Gustar does not literally mean "to like." It means "to be pleasing to" — so the thing or activity being liked is the subject of the verb, and the person doing the liking is expressed by an indirect object pronoun. This flipped structure makes gustar feel strange to English speakers, but it follows a fixed pattern.

Key Rules

  • Translate gustar as "to please / to be pleasing to," not "to like."
  • The thing liked is the grammatical subject; the verb agrees with it, not with the person.
  • Use only two main forms in present indicative: gusta (singular subject / infinitive) and gustan (plural subject).
  • Always introduce the experiencer with an indirect object pronoun (me, te, le, nos, os, les).
  • For le / les, clarify the person with a + él / ella / usted / name / ellos / ellas / ustedes.
  • When the subject is one or more infinitives, use gusta (singular). Multiple infinitives joined by y still take gusta, because each infinitive is a singular activity.
  • When the subject is a plural noun, use gustan.

Conjugation / Pattern Tables

Present indicative of gustar (used forms)

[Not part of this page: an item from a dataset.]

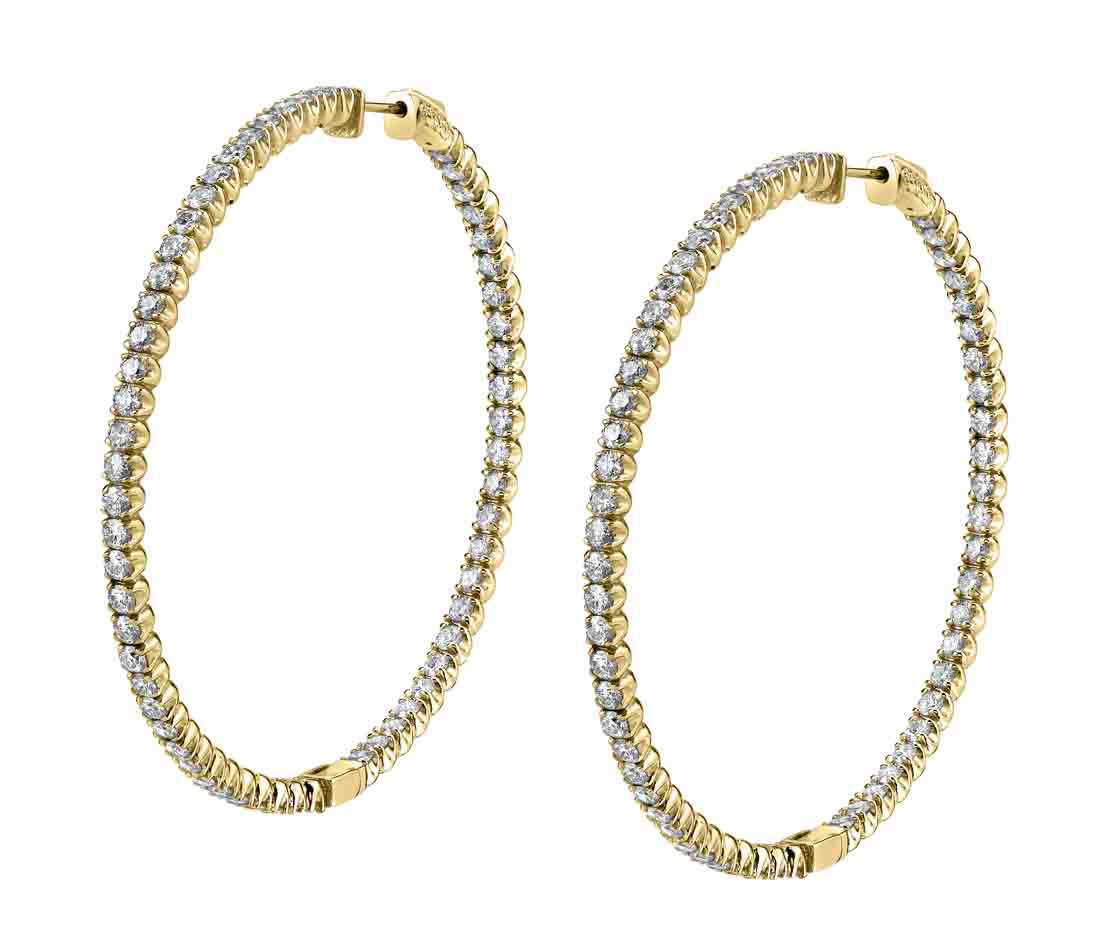 yellow gold thin diamond hoop earrings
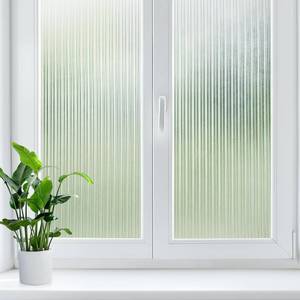 lot 16420 image: LUTE Reeded Glass Window Privacy Film, Frosted Glass Film, Removable 3D Decorative Decals Sun Blocking Anti UV Door Window Cover, No Glue Static Cling Vinyl for Bathroom Home Office, 17.5 x 78.7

Subject (the thing) Verb form Example
Singular noun or infinitive gusta Me gusta el café. / Me gusta bailar.
Plural noun gustan Me gustan los gatos.

Frame: [a + name/pron] + IOP + gusta(n) + subject

Person (experiencer) IOP With clarifier
me me (a mí) me gusta(n)
you te (a ti) te gusta(n)
him / her / you (Ud.) le a él / a ella / a usted le gusta(n)
us nos (a nosotros/as) nos gusta(n)
y'all os (a vosotros/as) os gusta(n)
them / you (Uds.) les a ellos / a ellas / a ustedes les gusta(n)

Examples

Spanish English (literal) English (natural)
Me gusta bailar. Dancing pleases me. I like to dance.
Me gusta cantar. Singing pleases me. I like to sing.
Me gustan los gatos. The cats please me. I like cats.
Me gustan tus palabras. Your words please me. I like your words.
Te gusta la casa. The house pleases you. You like the house.
A él le gusta jugar fútbol. Playing soccer pleases him. He likes to play soccer.
Nos gusta hablar español. Speaking Spanish pleases us. We like to speak Spanish.
Les gusta escuchar la música. Listening to music pleases them. They like to listen to music.
Me gusta hablar contigo. Speaking with you pleases me. I like talking with you.
Me gusta bailar y cantar. Dancing and singing pleases me. I like to dance and sing.
A María le gustan los libros. The books please María. María likes books.

Notes & Gotchas

  • Multiple infinitives are still singular: Me gusta bailar y cantar (NOT gustan), because each activity is one infinitive.
  • A plural noun subject always triggers gustan: Me gustan los gatos.
  • Use a + pronoun at the start for emphasis or contrast: A mí me gusta el café, pero a ella no le gusta.
  • Other "gustar-like" verbs follow the same pattern: encantar (to love), doler (to hurt), molestar (to bother), interesar (to interest), importar (to matter), faltar (to be lacking), parecer (to seem), quedar (to fit/remain).
  • Don't say Yo gusto unless you mean "I am pleasing (to others)."